Femminicidio: i dati che mancano e il reato che non c’è

Il termine
Il femminicidio rappresenta una parte preponderante degli omicidi di donne, con la caratteristica della maturazione in ambito familiare o all’interno di relazioni sentimentali. Il termine femminicidio, nell’accezione comunemente intesa, è un neologismo che può essere fatto risalire agli anni ’90, per qualificare gli omicidi basati sul genere, che vedono come vittima la donna «in quanto donna».
«Una violenza di genere»
Secondo l’Ufficio federale per l’uguaglianza fra donna e uomo, i dati degli ultimi anni rivelano che ogni due settimane, in Svizzera, muore una persona a causa di violenza domestica, per una media di venticinque persone l’anno. Di queste, il 75% è costituito da donne e ragazze. Inoltre, circa il 40% dei reati registrati dalla polizia avviene in ambito domestico. Oltre il 70% delle vittime di violenza è rappresentato da donne e ragazze. «Quella perpetrata nei confronti delle donne - scrive la Confederazione - è una forma di violenza di genere. Con quest’espressione si descrivono le forme di violenza dirette contro una persona in ragione del suo genere».

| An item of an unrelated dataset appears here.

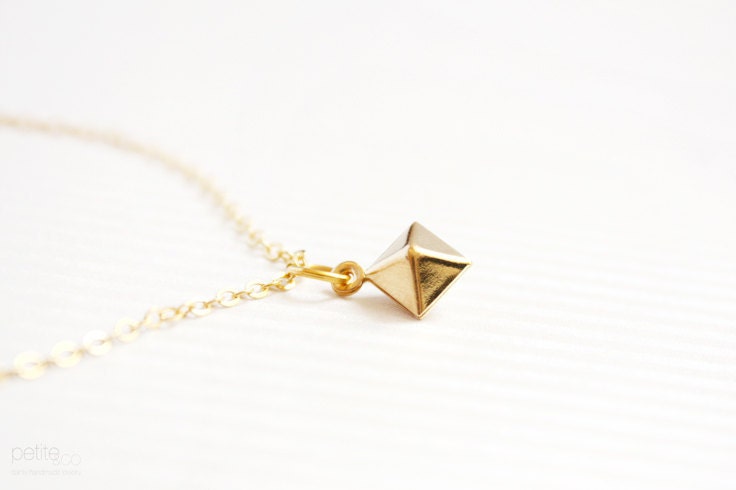 pyramid - geometric dainty bracelet - minimalist gold jewelry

L’articolo 113: omicidio passionale
Oggi il Codice penale svizzero non contempla il reato specifico di femminicidio, prevedendo invece i seguenti articoli: art. 111 omicidio intenzionale, art. 112 assassinio, art. 113 omicidio passionale e art. 116 infanticidio. Nel 2020, l’allora consigliera agli Stati Marina Carobbio Guscetti (PS) depositò una mozione chiedendo di «presentare le modifiche legislative necessarie per correggere l’art. 113 del Codice penale: il riferimento alla passione deve essere eliminato nella versione italiana e francese a favore di un termine neutro, come già in essere nella versione tedesca nella quale si parla di ‘‘Totschlag’’». La mozione venne bocciata dal Consiglio agli Stati. Non andò meglio alla consigliera nazionale dei Verdi Greta Gysin, che propose due opzioni: «La rinuncia al riferimento alla passione nella versione italiana e francese» o «l’abrogazione dell’art. 113 del Codice penale svizzero in quanto superfluo». La proposta, approvata dal Nazionale, venne poi respinta dagli Stati.
Una statistica più precisa
Nel nostro Paese manca anche una statistica precisa per quanto riguarda i casi di femminicidio. Lo scorso anno, la consigliera nazionale dei Verdi Sibel Arslan ha depositato un postulato che chiede di «condurre uno studio di fattibilità per determinare se e come la raccomandazione dell’ONU sulla rilevazione statistica dei femminicidi possa essere attuata». In Svizzera, ricordava la deputata di Basilea Città, «non c’è un servizio ufficiale che registri i femminicidi e tenga una statistica delle uccisioni legate al genere». Ma «per riconoscere e combattere la violenza motivata dal genere bisogna che questa sia opportunamente definita e denominata». Le statistiche ufficiali della polizia «sono limitate», le ha fatto eco qualche giorno fa al quotidiano romando 24 heures la criminologa Nora Markwalder, sottolineando che «le statistiche sono essenziali per comprendere e misurare un fenomeno: dobbiamo sapere di cosa stiamo parlando per determinare quali misure adottare. Prendiamo il caso del femminicidio: abbiamo scoperto che il rischio maggiore si verifica quando la donna lascia l’uomo. Senza dati completi non saremmo stati in grado di dimostrarlo. Queste informazioni ci permettono di aumentare la protezione delle donne in tale preciso momento. Le statistiche sono il primo passo nella lotta contro il femminicidio: come si può combattere qualcosa che non si capisce?». Inoltre, ha spiegato Markwalder, «esaminando tutti i dossier a partire dal 1990, è emerso che gli omicidi erano più frequenti nei primi anni. Da allora sono diminuiti, ma i femminicidi no».